--- TO DO ---
Output the whole listing exactly, with no pictures.

--- STORED DATA ---

----

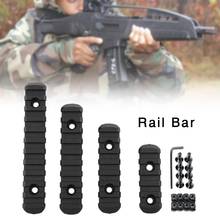 4Pcs Polymer Rail Section Kit Nylon M-Lok Rail Bar Weaver Rail For Handguard Outdoor Hunting Accessories Aiming Lens Guide Tools 2024 - buy cheap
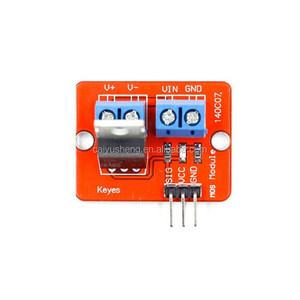 Pulsante Mosfet 0-24V 3.5-5V di alta qualità modulo Driver MOS PWM IRF520 - Product Image 1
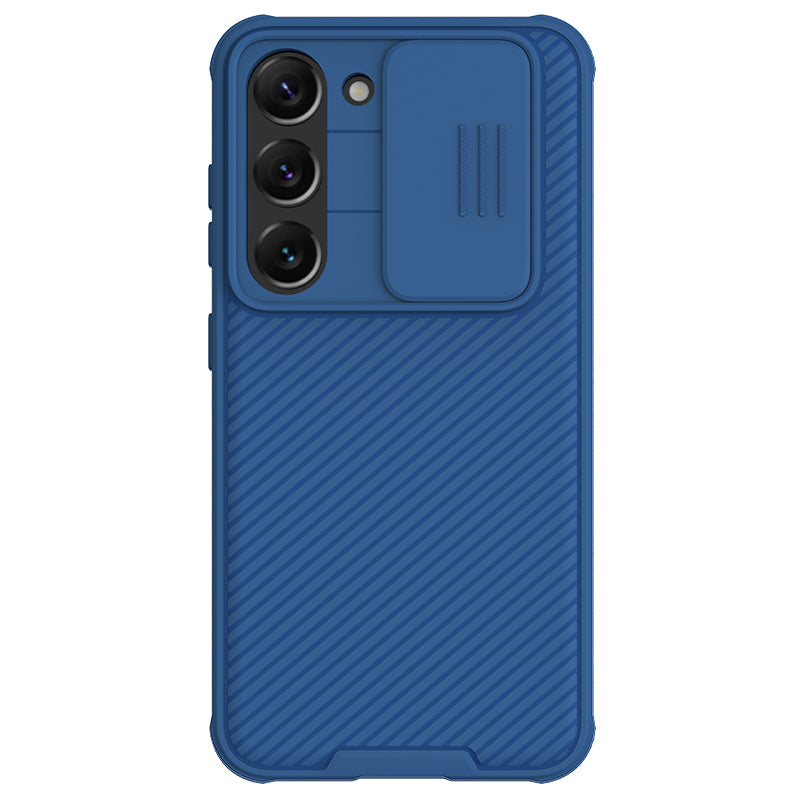NILLKIN CamShield Pro Series pro Samsung Galaxy S23 PC TPU pouzdro na telefon Posuvná ochrana fotoaparátu Kryt proti pádu NILLKIN CamShield Pro Series pro Samsung Galaxy S23 PC TPU pouzdro na telefon Posuvná ochrana fotoaparátu Kryt proti pádu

----

--- SOLUTION FOR THIS TASK ---
 4Pcs Polymer Rail Section Kit Nylon M-Lok Rail Bar Weaver Rail For Handguard Outdoor Hunting Accessories Aiming Lens Guide Tools 2024 - buy cheap
 Pulsante Mosfet 0-24V 3.5-5V di alta qualità modulo Driver MOS PWM IRF520 - Product Image 1
NILLKIN CamShield Pro Series pro Samsung Galaxy S23 PC TPU pouzdro na telefon Posuvná ochrana fotoaparátu Kryt proti pádu NILLKIN CamShield Pro Series pro Samsung Galaxy S23 PC TPU pouzdro na telefon Posuvná ochrana fotoaparátu Kryt proti pádu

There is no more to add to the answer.